Try it: Type out the lines below exactly, from the first through the line holding "Set of 4 Cotton", and include no pictures.

[Short text fragments from websites]
== Segment start ==

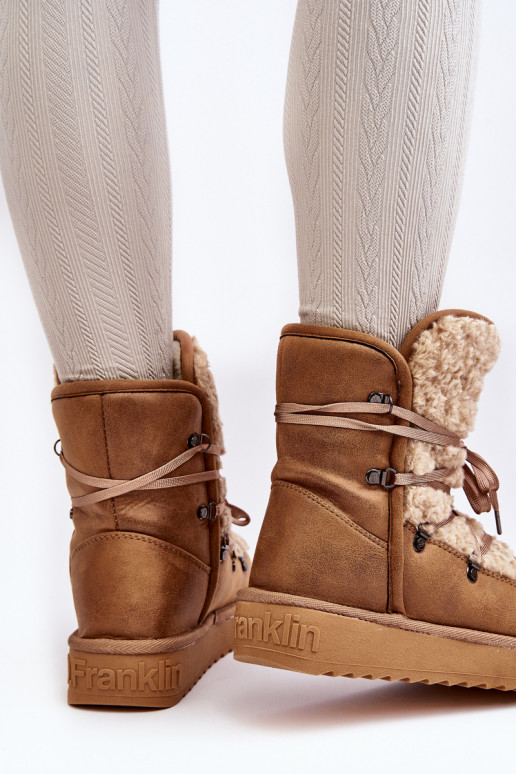 INodoodporne sniega apavi ar platformu Vegāns D.Franklin DFSH370004 brūnas krāsas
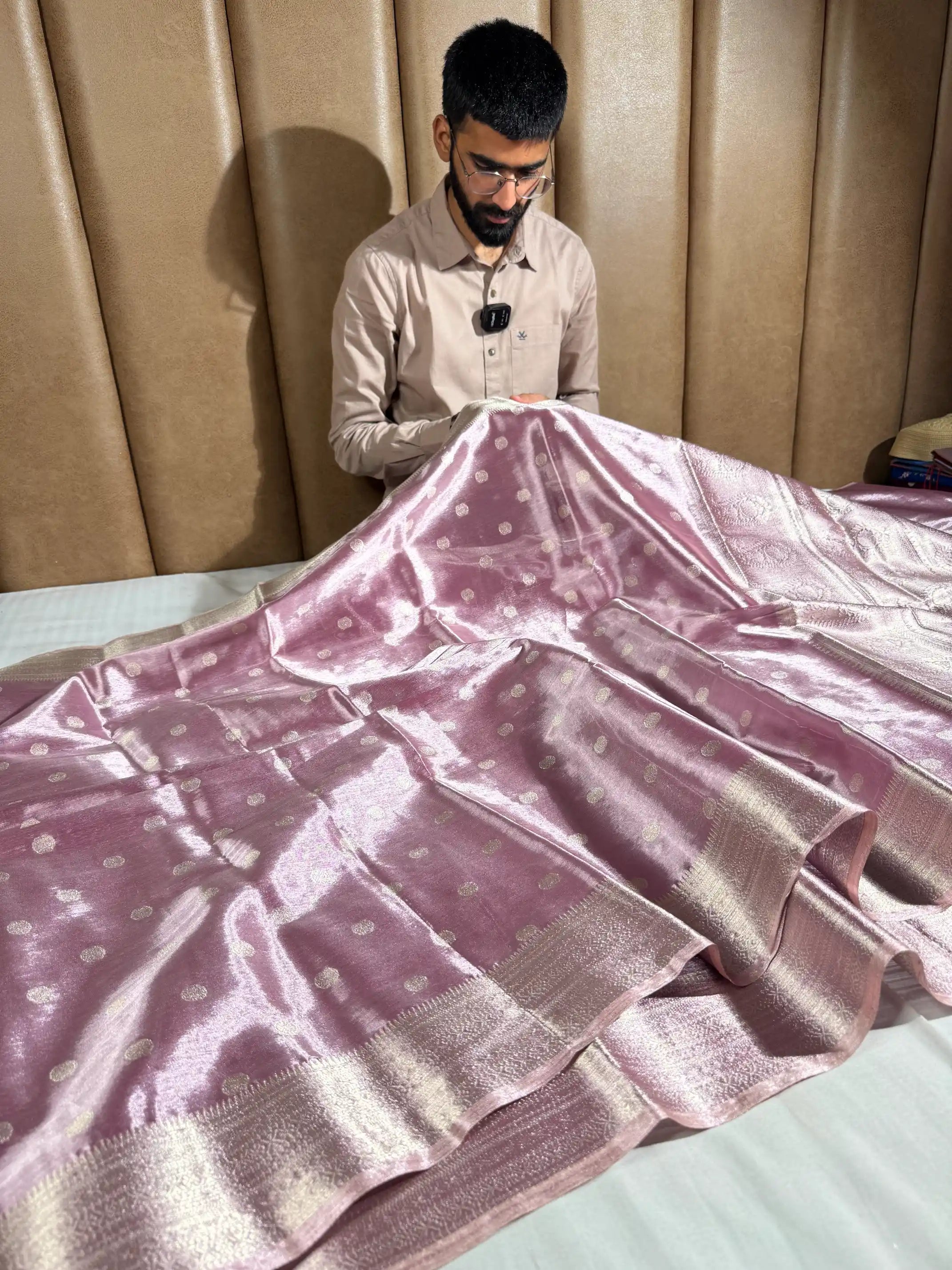 Light Lavender Kathan Tissue Silk Banarasi Saree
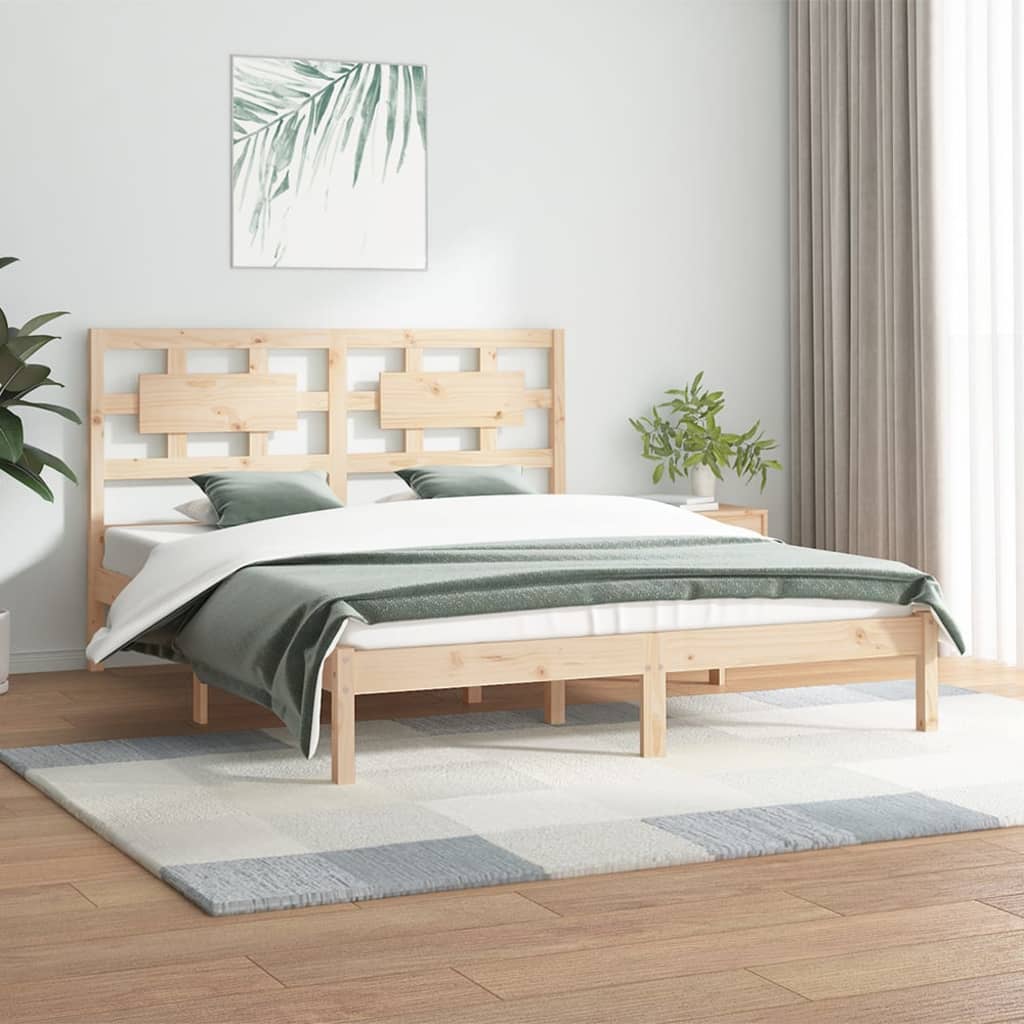 vidaXL Bed Frame without Mattress 150x200 cm King Size Solid Wood Pine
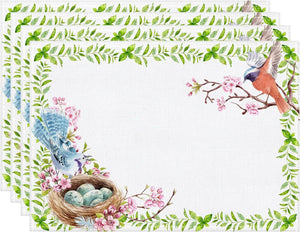 Set of 4 Cotton Linen Table Place Mats Placemats 45 x 30cm Birds Nesting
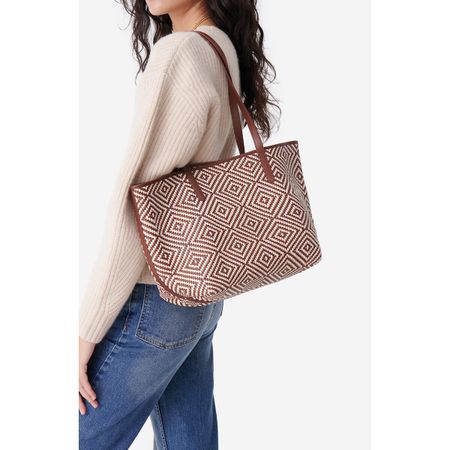 сумка-шоппер из кожи и плетеного хлопка единый размер каштановый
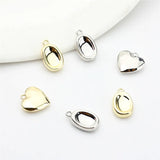 50pcs Geometry Hearts/Ovals Alloy Floating Locket Charms DIY Jewelry Pendant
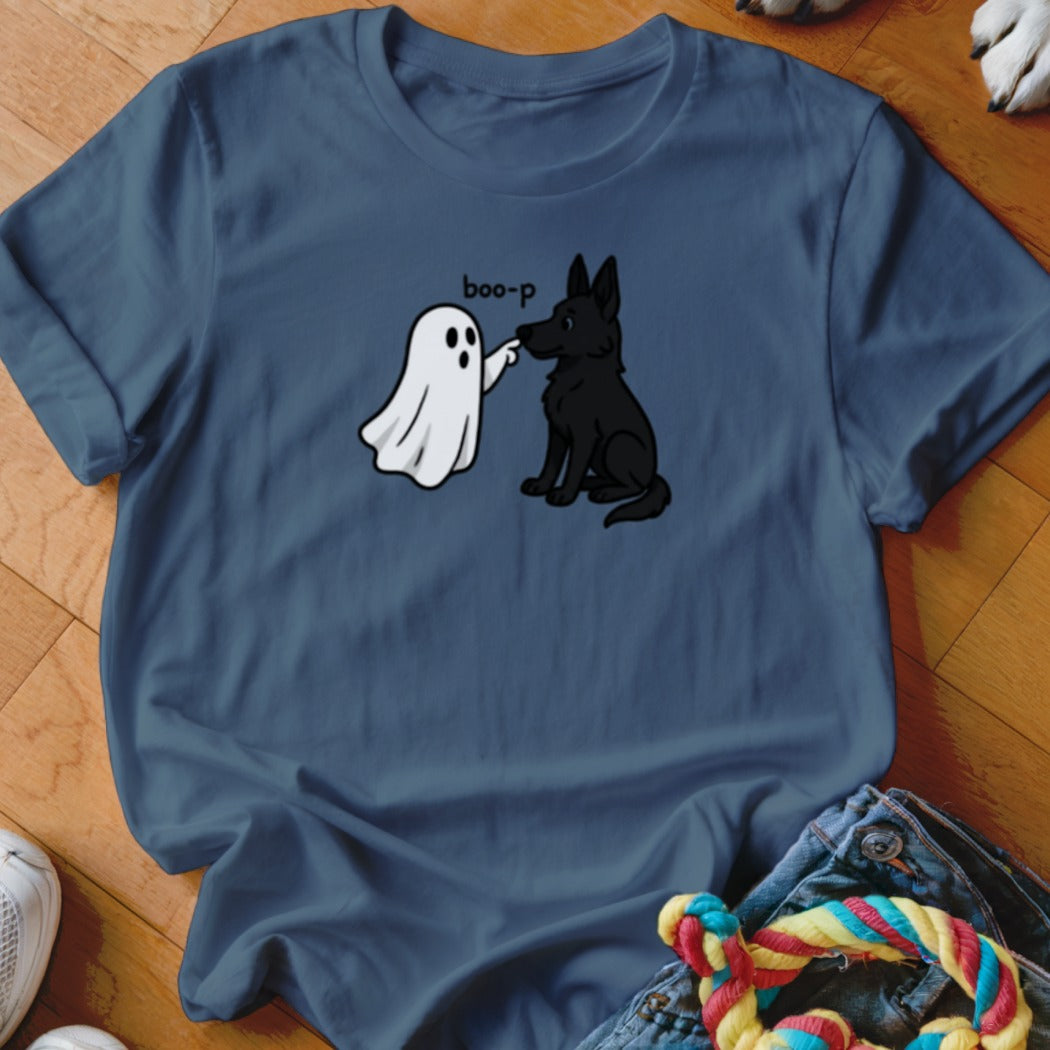 Ghost booping a black dog's nose with "boo-p" text above.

== Segment end ==

Answer to this problem:
 INodoodporne sniega apavi ar platformu Vegāns D.Franklin DFSH370004 brūnas krāsas
 Light Lavender Kathan Tissue Silk Banarasi Saree
 vidaXL Bed Frame without Mattress 150x200 cm King Size Solid Wood Pine
 Set of 4 Cotton Linen Table Place Mats Placemats 45 x 30cm Birds Nesting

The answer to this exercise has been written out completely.